Harnessing the Power of Azure Language Model with Python: A Comprehensive Guide to Advanced NLP Tasks

Harnessing the Power of Azure Language Model with Python: A Comprehensive Guide to Advanced NLP Tasks

ยท

11 min read

Unleash the Full Potential of Azure Text Analytics to Detect Language, Extract Key Phrases, Analyze Sentiment with Opinion Mining, Recognize Entities, and More Using Python

In this article, we will learn how to harness the power of the Azure Language Model using Python for advanced natural language processing (NLP) tasks. By exploring step-by-step code examples and the functionalities of Azure's Text Analytics service, we will perform language detection, key phrase extraction, sentiment analysis with opinion mining and abstract summarization. Learn more about Azure AI offerings here

What is Azure Language

The Azure Language Model, part of Microsoft's Azure cloud platform, is an advanced natural language processing (NLP) solution (SAAS) that empowers businesses to extract valuable insights from text data. With a user-friendly Python SDK, it offers functionalities like language detection, sentiment analysis, key phrase extraction, entity recognition, linked entity recognition, and abstract summarization. Leveraging this powerful tool, organizations can gain meaningful context from unstructured text, enabling informed decision-making and deeper understanding of customer feedback, user sentiments, and market trends. Learn more here

Let's Begin

Step 1 - Setting Up Azure Language

  1. Head on to Azure Portal and login with credentials

  2. Create a New Language Service, under AI+ Machine Learning Resources

  1. For this experiment, we utilise NLP functionality like Entity Recognition, Sentiment Analysis etc.

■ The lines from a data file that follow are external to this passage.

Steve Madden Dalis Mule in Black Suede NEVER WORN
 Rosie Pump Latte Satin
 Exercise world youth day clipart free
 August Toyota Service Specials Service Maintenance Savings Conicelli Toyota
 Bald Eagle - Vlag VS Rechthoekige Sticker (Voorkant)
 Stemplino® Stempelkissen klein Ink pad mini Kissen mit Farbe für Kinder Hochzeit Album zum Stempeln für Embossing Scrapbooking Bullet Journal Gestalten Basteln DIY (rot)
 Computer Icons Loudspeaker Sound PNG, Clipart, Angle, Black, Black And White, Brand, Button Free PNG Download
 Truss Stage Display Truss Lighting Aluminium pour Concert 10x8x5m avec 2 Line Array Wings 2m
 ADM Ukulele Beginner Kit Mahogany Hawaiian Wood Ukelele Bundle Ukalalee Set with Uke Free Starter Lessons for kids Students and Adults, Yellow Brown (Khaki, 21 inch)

  1. Continue to Create Resource, add details of Resource Group & Pricing Tier, based on usage

  1. Furthermore, Add details of associated Blob storage account

  1. Click Review+ create and Create Resource

  1. Wait for Deployment to get complete

  1. Open Resources and Review the overview

  1. Check Keys and Endpoints to copy the endpoint and Key.

  1. Under networking Enable All networks

  1. Explore Cost Analysis, Properties to know more.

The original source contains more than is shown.